Moins cinq minutes de la fin du match. Nos cœurs ne battent plus dans nos poitrines. Nous ne sommes même plus là. Yebga Joseph, dans un sursaut d’énergie, décoche un violent coup de tête dans la surface de réparation du goal congolais. Le goal-kipper est battu. Le public hurle. Mais, malchance, le ballon atterrit sur le poteau, et est dévié vers l’extérieur. Nous sommes au bord de l’arrêt cardiaque. Il ne restait qu’une minute. Ce but nous aurait sorti de l’enfer.

Lorsque l’arbitre siffle la fin de la partie, des dizaines, voire des centaines de personnes s’effondrent dans les gradins. Les Diables Rouges se mettent à danser sur l’aire de jeu. Nos joueurs quant à eux ont tous les mains sur la tête, nombreux sont ceux qui fondent en larmes. C’est un tremblement de terre.

Pour ma part, je quitte rapidement le virage pour rejoindre la voiture de mon père garée au parking derrière la tribune présidentielle. Au moment où je longe les escaliers de celle-ci, je me retrouve non loin du Président Ahidjo qui lui aussi gagne sa voiture. Un journaliste de Radio-Cameroun se place devant lui. Il lui tend le micro : « excellence, le Cameroun vient d’être éliminé de la 8ème Coupe des Nations, quelles sont vos impressions ». Ahidjo est outré par la question. Il lui décoche une gifle. Le peu courtois journaliste l’évite de justesse en se courbant in-extremis. Son micro lui échappe des mains et tombe au sol. Je m’arrête pour céder le passage au Président. Il n’y a autour de lui, ni garde du corps, ni protocole, rien. Tout le monde est groggy par la défaite. Son parfum me chatouille les narines, tellement il est passé tout près de moi. Il ouvre lui-même la portière de sa voiture et s’y installe. Il attend un long moment. Le chauffeur, les motards, les gardes du corps tout désemparés arrivent enfin. Il quitte ainsi le stade dans un tohu-bohu indescriptible.

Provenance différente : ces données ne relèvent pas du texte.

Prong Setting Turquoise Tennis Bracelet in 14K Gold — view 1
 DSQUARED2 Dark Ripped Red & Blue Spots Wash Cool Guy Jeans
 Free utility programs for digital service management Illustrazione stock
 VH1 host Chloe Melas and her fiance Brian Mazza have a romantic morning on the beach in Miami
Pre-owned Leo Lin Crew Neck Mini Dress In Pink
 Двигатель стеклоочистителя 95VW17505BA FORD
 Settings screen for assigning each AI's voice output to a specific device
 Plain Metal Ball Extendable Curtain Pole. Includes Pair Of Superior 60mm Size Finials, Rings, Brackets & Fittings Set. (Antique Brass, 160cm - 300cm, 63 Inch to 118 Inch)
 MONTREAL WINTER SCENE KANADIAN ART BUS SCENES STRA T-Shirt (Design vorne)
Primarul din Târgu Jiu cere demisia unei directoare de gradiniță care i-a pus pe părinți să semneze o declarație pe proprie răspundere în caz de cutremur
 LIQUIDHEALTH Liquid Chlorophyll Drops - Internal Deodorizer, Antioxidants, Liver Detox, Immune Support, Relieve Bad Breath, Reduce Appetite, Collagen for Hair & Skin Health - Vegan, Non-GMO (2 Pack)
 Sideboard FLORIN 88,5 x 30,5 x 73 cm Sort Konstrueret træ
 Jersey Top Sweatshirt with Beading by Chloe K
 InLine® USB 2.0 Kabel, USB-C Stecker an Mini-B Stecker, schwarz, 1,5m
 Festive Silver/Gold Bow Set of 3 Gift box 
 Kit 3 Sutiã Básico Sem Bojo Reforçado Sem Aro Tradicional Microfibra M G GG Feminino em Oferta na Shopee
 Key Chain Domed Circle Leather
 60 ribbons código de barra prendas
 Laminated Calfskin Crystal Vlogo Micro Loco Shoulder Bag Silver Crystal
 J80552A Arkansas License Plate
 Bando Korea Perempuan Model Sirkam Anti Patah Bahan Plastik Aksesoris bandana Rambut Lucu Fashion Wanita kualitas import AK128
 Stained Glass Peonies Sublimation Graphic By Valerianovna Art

Le soir à la maison, mon père et ma mère avaient à peine parlé à table pendant le repas. Les Camerounais ont terriblement souffert dans leur chair de cette élimination.

Notre équipe avait malgré tout remporté la petite finale contre le Zaïre, par un score de 5 buts contre 2, mais dans un stade vide. Et les Diables Rouges, nos tombeurs, de leur côté avaient remporté la coupe face au Mali par 3 buts contre 2. Pour remplir le stade, la police, la gendarmerie et l’armée avaient procédé à l’arrestation de tous les badauds qu’ils rencontraient dans les rues de Yaoundé et les y avaient déversés. Ils avaient également vidé les internats du Lycée Leclerc et du Collège Vogt.